Saturday, 27 October 2018

Watch Your Tongue: What Our Everyday Sayings and Idioms Figuratively Mean

Author: Mark Abley
Genre: Nonfiction
Type: Paperback
Pages: 272
Source: Publisher
Publisher: Simon and Schuster Canada
First Published: October 30, 2018
Opening Lines: "It was a blue winter day in downtown Montreal, and I was standing among thousands of other shivering people on the city's main shopping street".

Book Description from GoodReadsDo you ever wonder why you shouldn’t have a cow but you should seize a bull by its horns? Who has the better reputation in language—cats or dogs? Do you sometimes feel that our speech is all smoke and mirrors or that our expressions simply make no sense?

In Watch Your Tongue, award-winning author Mark Abley explores the phrases, idioms, and clich├ęs of our everyday language. With wit and subtle wisdom, he unravels the mysteries of these expressions, illuminating the history, tradition and stories behind everything we say. Pulling examples from Shakespeare’s plays to sports team names, ancient Rome to Twitter, Abley shares samples and anecdotes of the eccentric ways that we play with, parse, and pattern language.

Why do so many companies use fruit for their brand names? What do politicians mean when they say they’re going to “drain the swamp”? Why does English use chickens to signify cowardice?
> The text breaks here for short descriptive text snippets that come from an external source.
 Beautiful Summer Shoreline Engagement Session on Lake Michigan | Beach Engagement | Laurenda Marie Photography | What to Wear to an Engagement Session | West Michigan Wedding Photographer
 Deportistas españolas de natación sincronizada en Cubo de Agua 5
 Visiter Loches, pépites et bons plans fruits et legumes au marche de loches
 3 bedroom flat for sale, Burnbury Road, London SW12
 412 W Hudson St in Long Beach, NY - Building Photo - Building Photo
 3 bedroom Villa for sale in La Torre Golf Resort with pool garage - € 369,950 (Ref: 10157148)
Abley dives into the history and psychology behind these examples and countless others, unpacking their significance (and sheer absurdity) to show how our language developed, where it is headed, and what we can learn about ourselves from it.
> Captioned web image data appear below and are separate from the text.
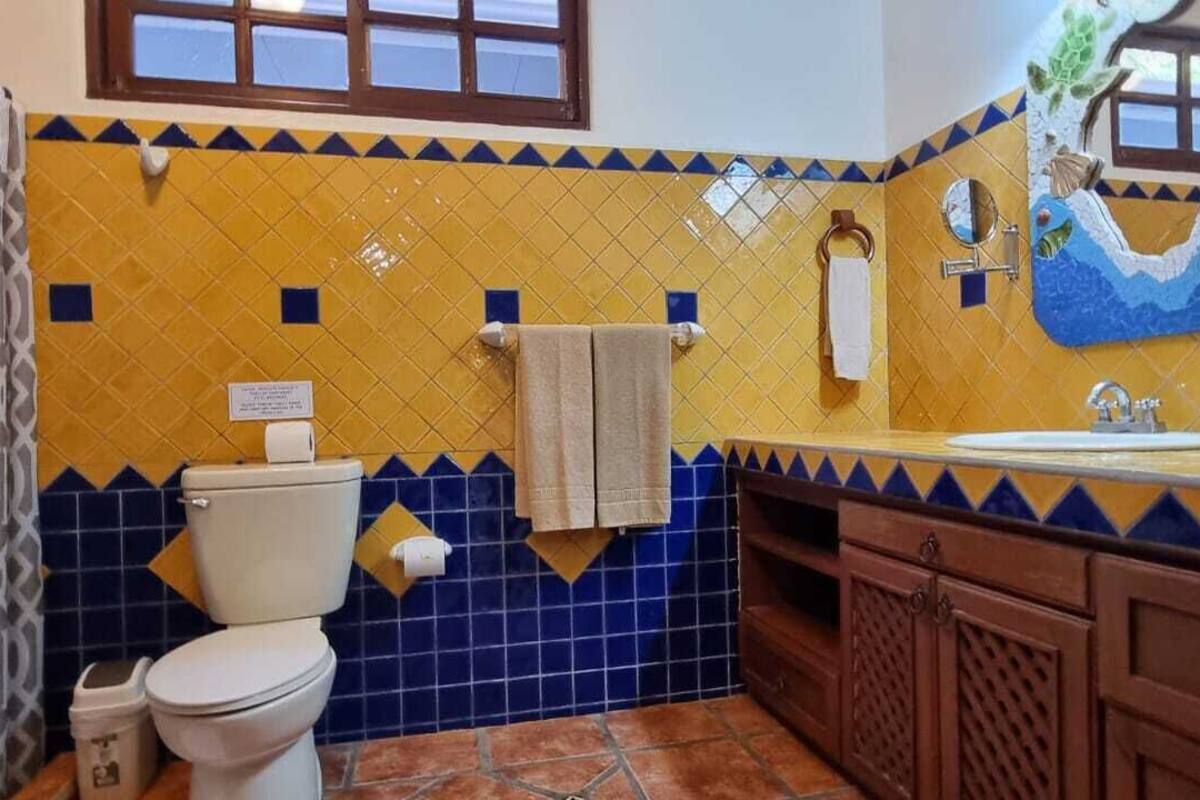 habitacion estandar cama matrimonial | bathroom | shower, free toiletries, towels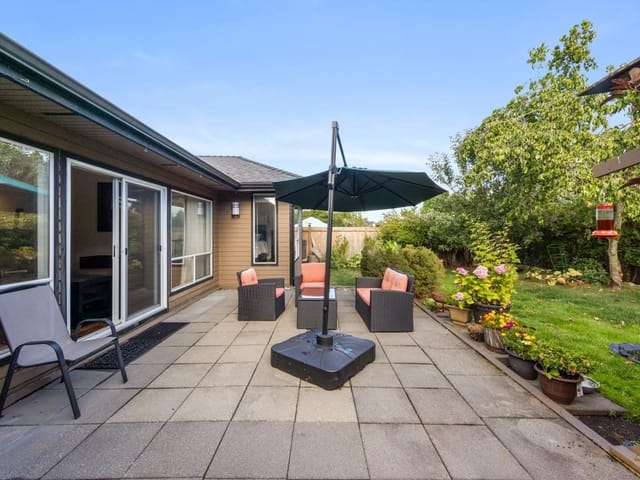 House for sale in Surrey, South Surrey White Rock, 14098 20 Avenue, 263116465 | Realtylink.org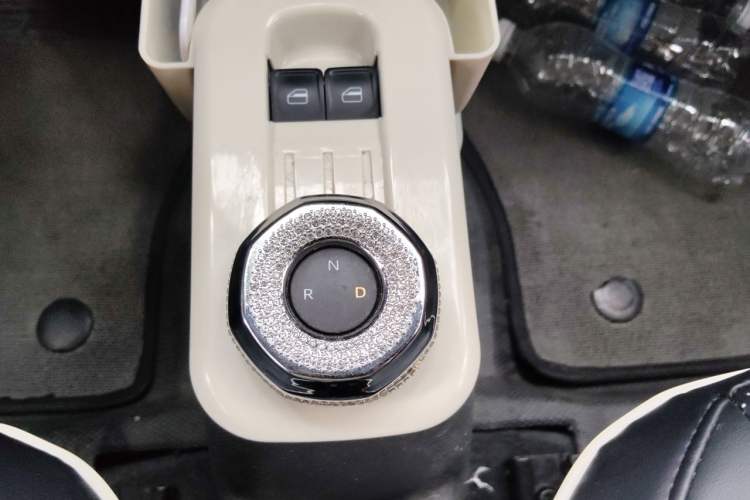 Used Geely Galaxy Panda 2024 Panda Mini 200km Endurance Bear Gear Lever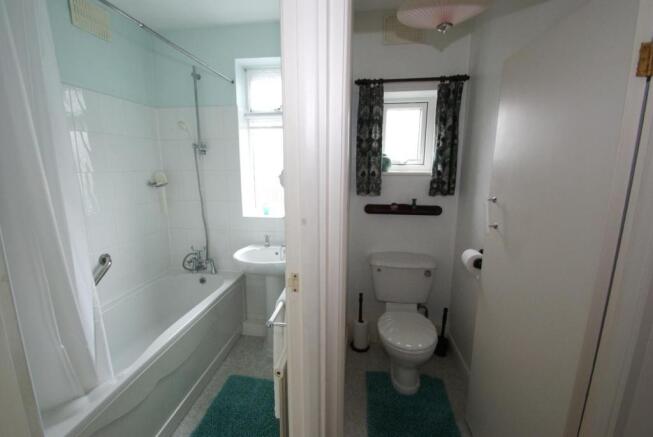 Bathroom & Toilet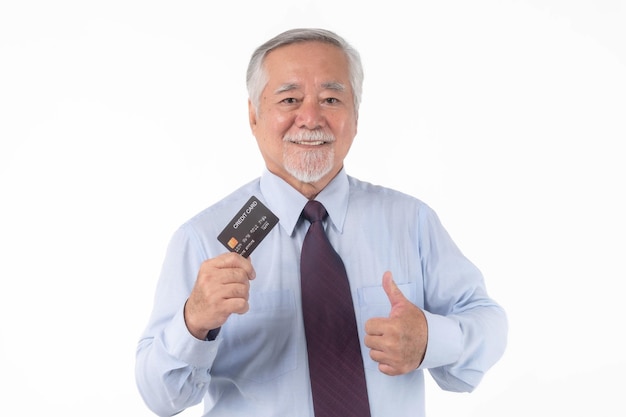 写真 ビジネスマンの肖像画 シニアマネジメント アジアのシニア男性 老人が支払いのクレジットカードを示す オンラインショッピング クレジットカードで支払う オンライン電子商取引 テレマーケティングコンセプト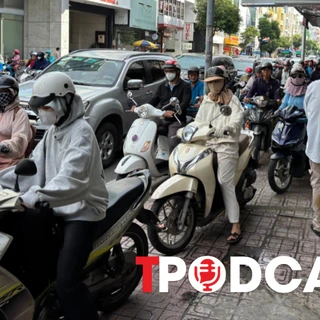 Đi xe máy trên vỉa hè bị xử phạt thế nào?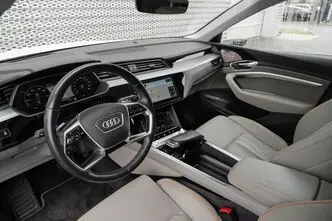 Audi e-tron, 0.1, 230 kW, bensiin, automaat, nelikvedu
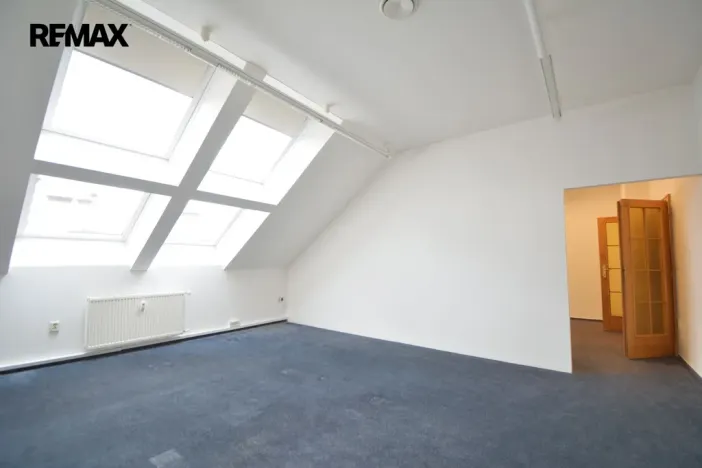 Pronájem kanceláře, Hradec Králové, Československé armády, 100 m2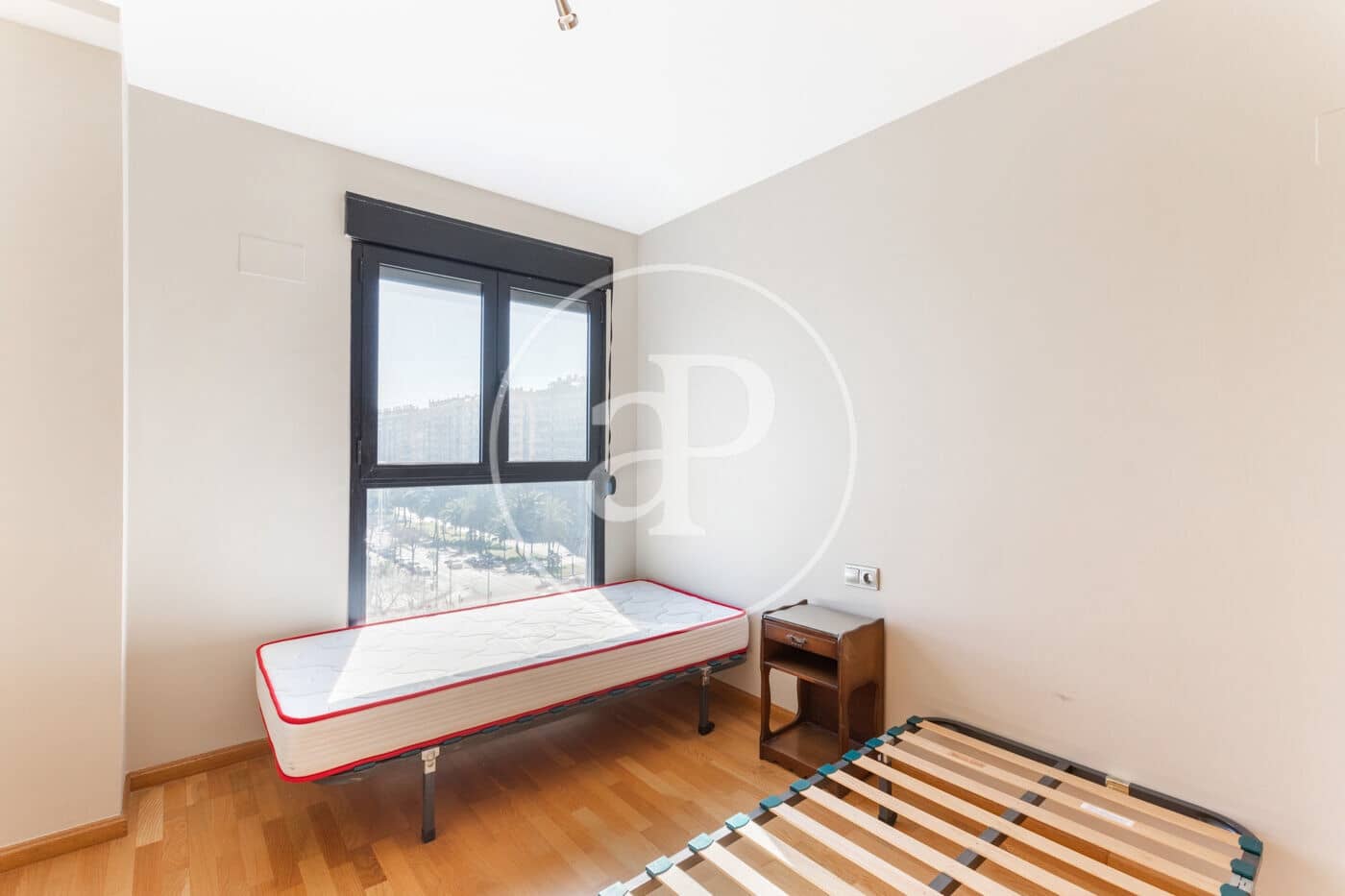 2 soverom Leilighet til leie i Valencia by med svømmebasseng - € 1 500 (Ref: 9652097)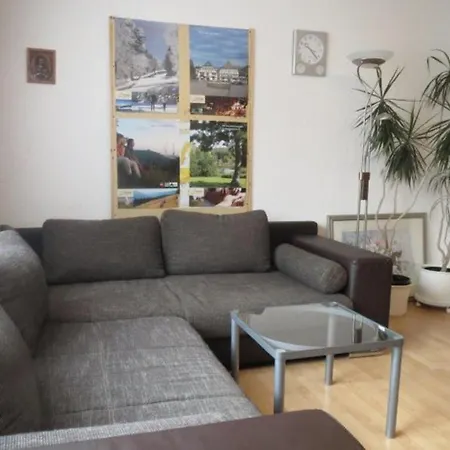 Neue Moderne Ferienwohnung Berta * Брилон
Whimsically illustrated, easily browsable, and full of catchy sidebars, Watch Your Tongue celebrates how we amuse ourselves with words and what our sayings reveal about the way we see the world.

My Rating: 4 stars

Watch Your Tongue explores idioms and popular phrases that most of us use daily without much thought to their origins. Throughout the book Mark Abley shares tidbits of wisdom that makes for an entertaining read that the average Joe and the avid wordsmith will both enjoy.
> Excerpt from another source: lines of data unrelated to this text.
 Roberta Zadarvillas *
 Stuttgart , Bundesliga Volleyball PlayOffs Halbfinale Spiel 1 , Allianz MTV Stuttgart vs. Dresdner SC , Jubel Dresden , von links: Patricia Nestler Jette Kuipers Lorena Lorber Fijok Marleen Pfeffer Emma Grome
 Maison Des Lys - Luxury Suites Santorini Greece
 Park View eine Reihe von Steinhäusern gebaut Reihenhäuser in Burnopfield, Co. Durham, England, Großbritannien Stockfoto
The book is broken down into several topics (animals, feelings, foreign idioms, religious, Shakespearean …) and describes the history of some popular and not so popular idioms. Language is constantly evolving and Abley doesn’t waste any time diving in to explore the history of ubiquitous idioms but be forewarned, once you start reading this book, you’ll start noticing idioms everywhere. 

It’s a quick read that can be picked up in fits and spurts and Abley has gone the extra mile to help readers understand the origin of English idioms. To make a long story short, the descriptions are informative as well as entertaining and may keep you up burning the midnight oil with Abley’s humour and so many idioms and phrases that it’ll boggle your mind.  So, give it a whirl … you may just find yourself adding idioms to your everyday conversations willy-nilly (how was THAT for idiom overload!?!).

Disclaimer: My sincere thanks to Simon and Schuster Canada for providing me with a complimentary copy of this book in exchange for my honest review.